What to work on:
Only the pictures are dropped; the lines of the material that follow are returned exactly.

------------------------------------

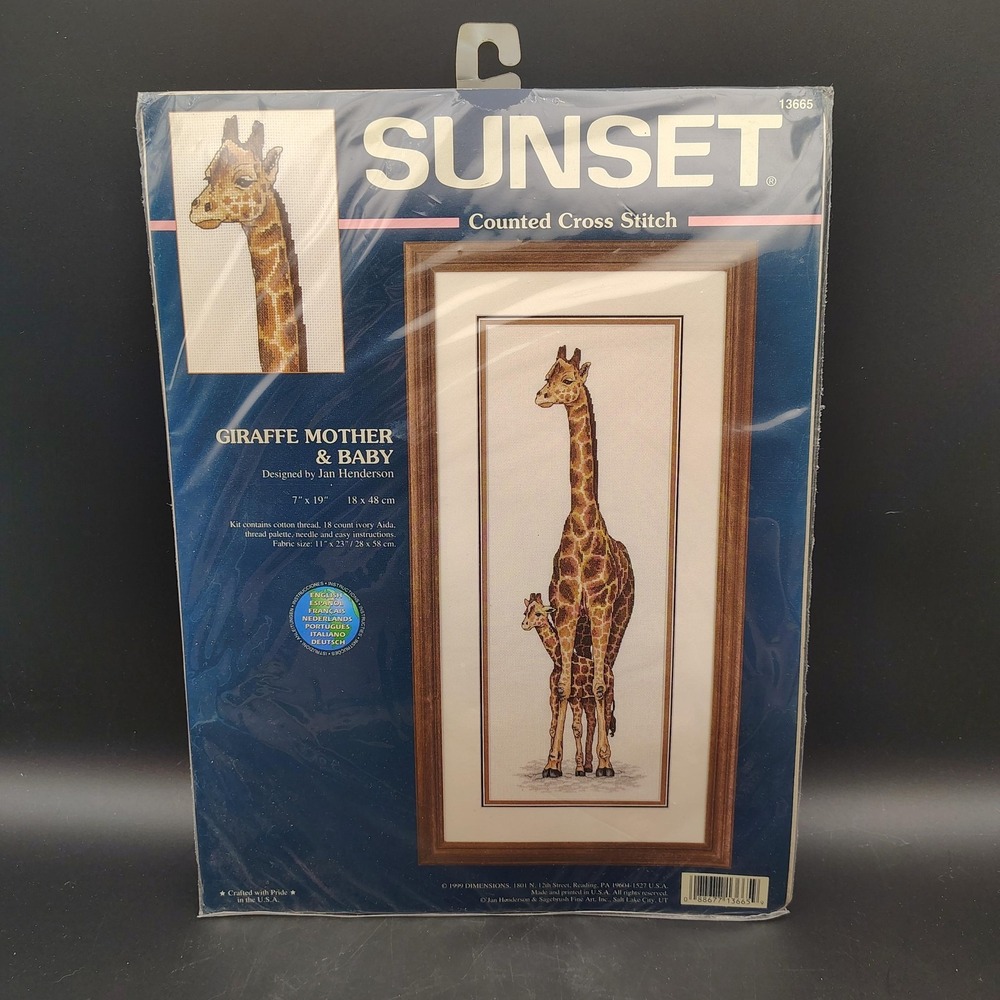 Vintage Sunset Giraffe Mother Baby Cross Stitch Kit  Animal Art 13665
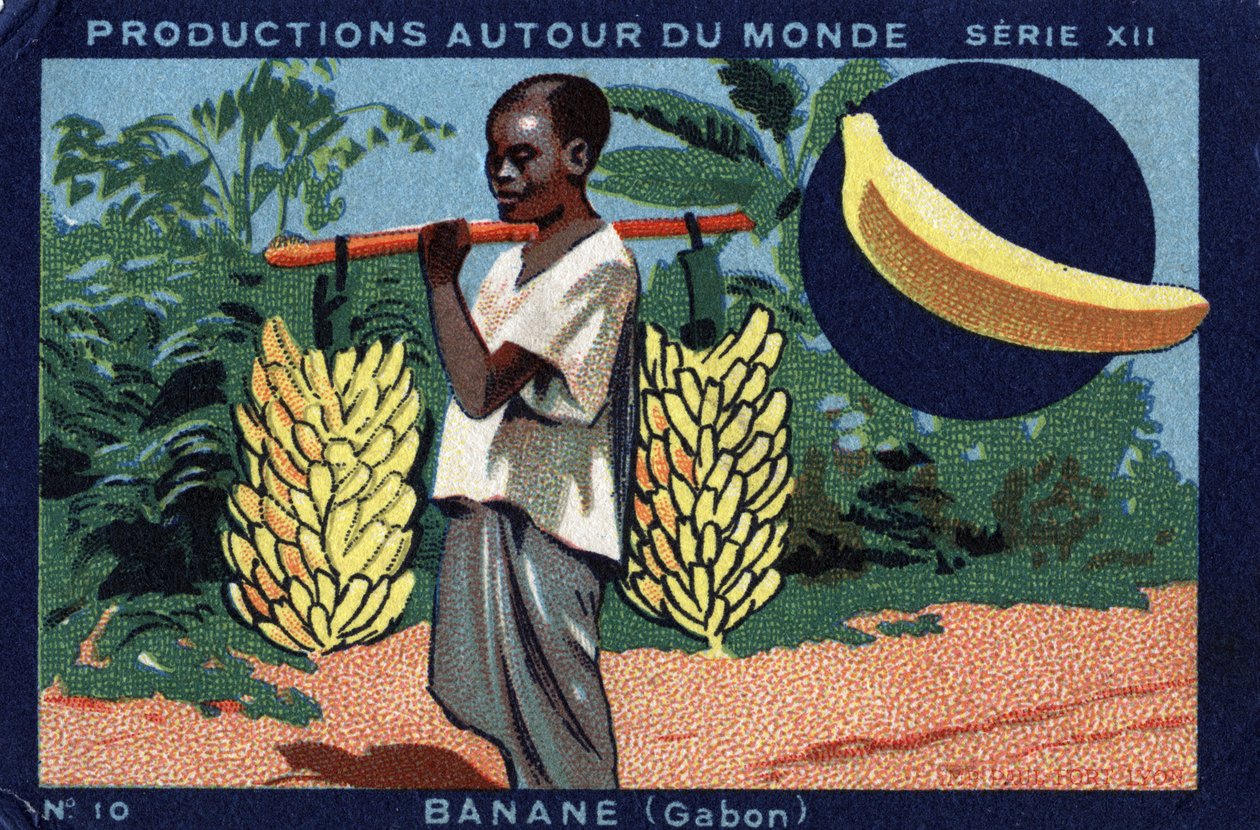 Produktionen rund um die Welt: Banane in Gabun. Chromolithographie von 1933 im „Joseph-Milliat Album“. von Anonymous Anonymous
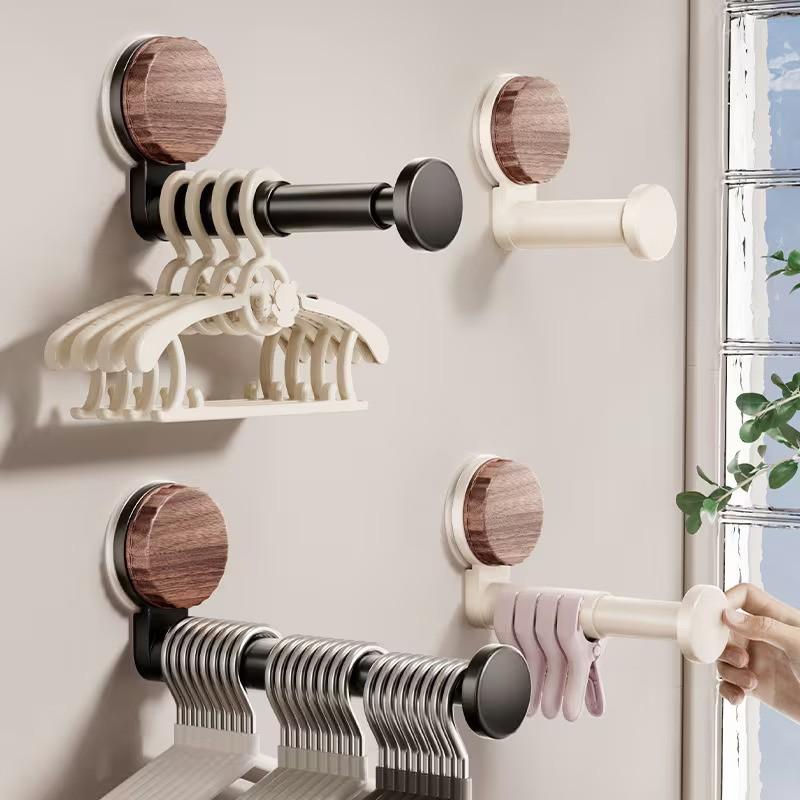 Space-Saving Extendable Clothes Rack, Metal / Indoor Rod, Wall Mounted Drying Machine for Bathroom Balcony Laundry Room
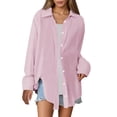 thumbnail image 1 of Camisa oversize lisa para mujer: prenda informal de corte holgado y tejido transpirable, cómoda para el día a día y las salidas informales., 1 of 8
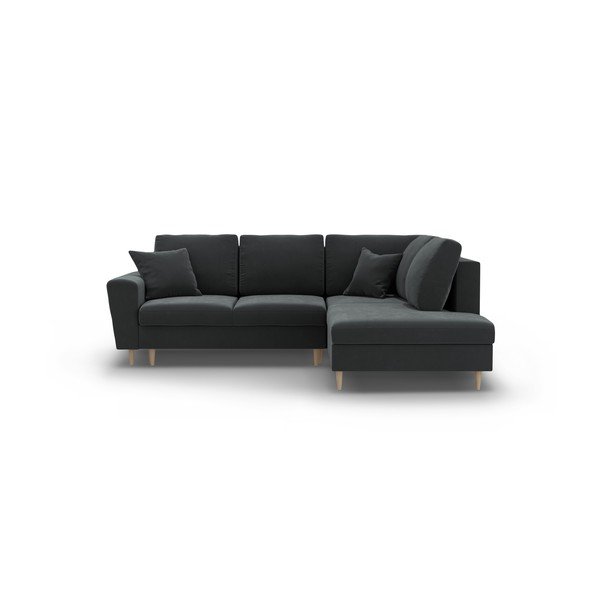 Divano angolare grigio scuro allungabile e con contenitore (con penisola a destra/a L) con rivestimento in velluto Kyoto – Cosmopolitan Design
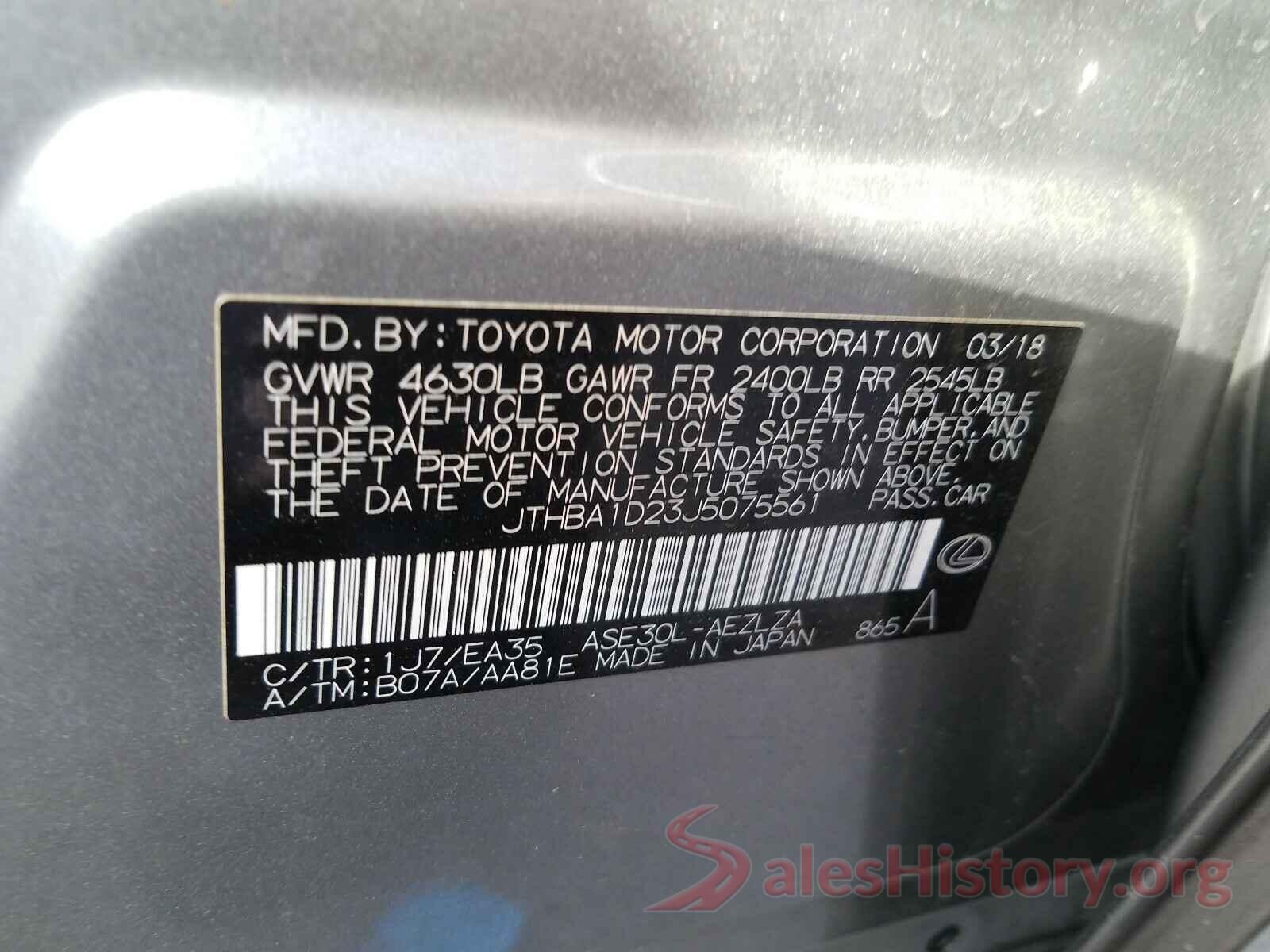 JTHBA1D23J5075561 2018 LEXUS IS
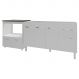 Balcão Cozinha Gabinete de Pia 140 cm Camila e Balcão Evelyn Para Fogão Cooktop 5 Bocas e Forno Elétrico Branco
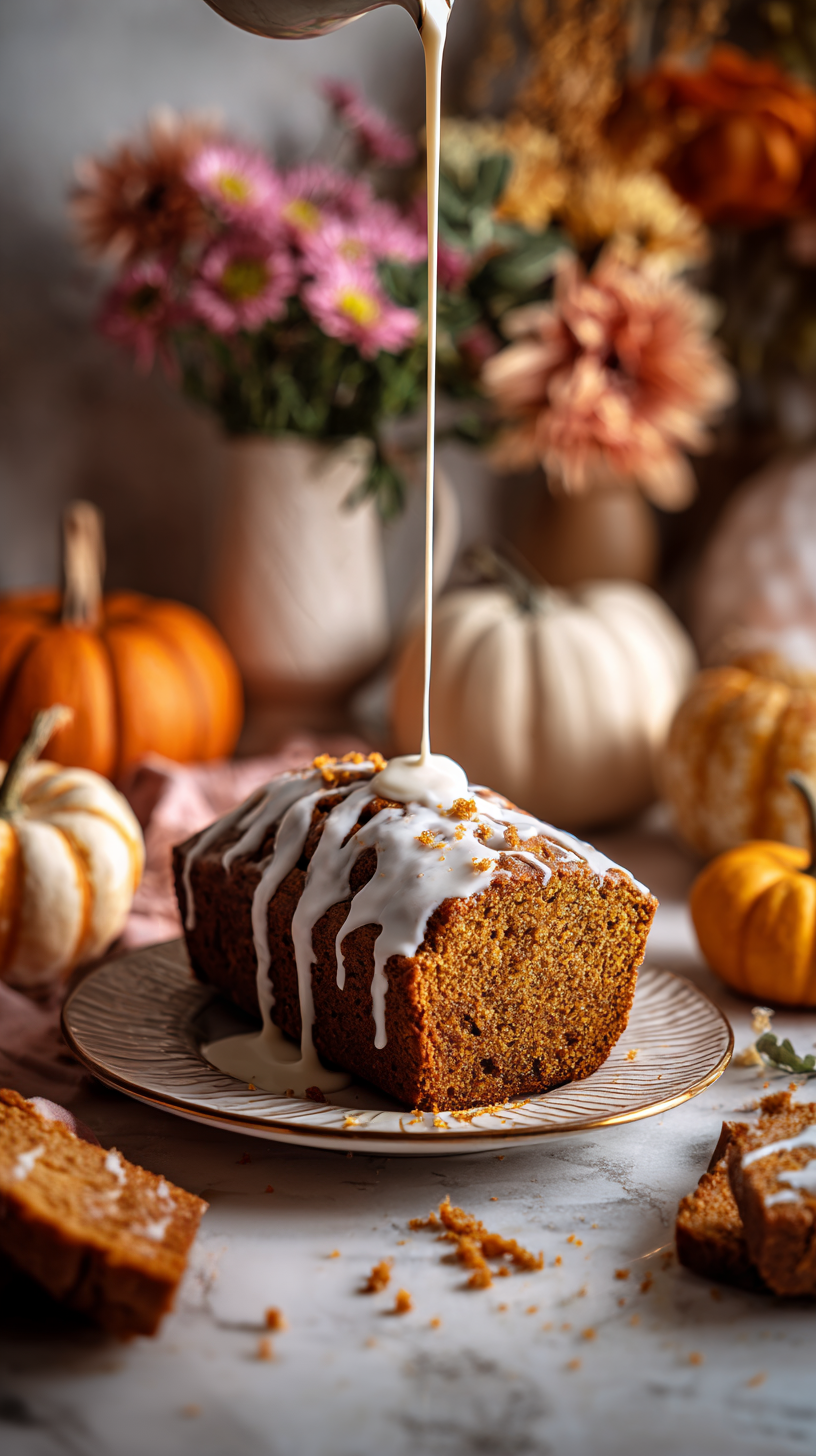 Moist Pumpkin Bread with Maple Glaze Drizzle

------------------------------------

Response:
 Vintage Sunset Giraffe Mother Baby Cross Stitch Kit  Animal Art 13665
 Produktionen rund um die Welt: Banane in Gabun. Chromolithographie von 1933 im „Joseph-Milliat Album“. von Anonymous Anonymous
 Space-Saving Extendable Clothes Rack, Metal / Indoor Rod, Wall Mounted Drying Machine for Bathroom Balcony Laundry Room
 thumbnail image 1 of Camisa oversize lisa para mujer: prenda informal de corte holgado y tejido transpirable, cómoda para el día a día y las salidas informales., 1 of 8
 Divano angolare grigio scuro allungabile e con contenitore (con penisola a destra/a L) con rivestimento in velluto Kyoto – Cosmopolitan Design
 JTHBA1D23J5075561 2018 LEXUS IS
 Balcão Cozinha Gabinete de Pia 140 cm Camila e Balcão Evelyn Para Fogão Cooktop 5 Bocas e Forno Elétrico Branco
 Moist Pumpkin Bread with Maple Glaze Drizzle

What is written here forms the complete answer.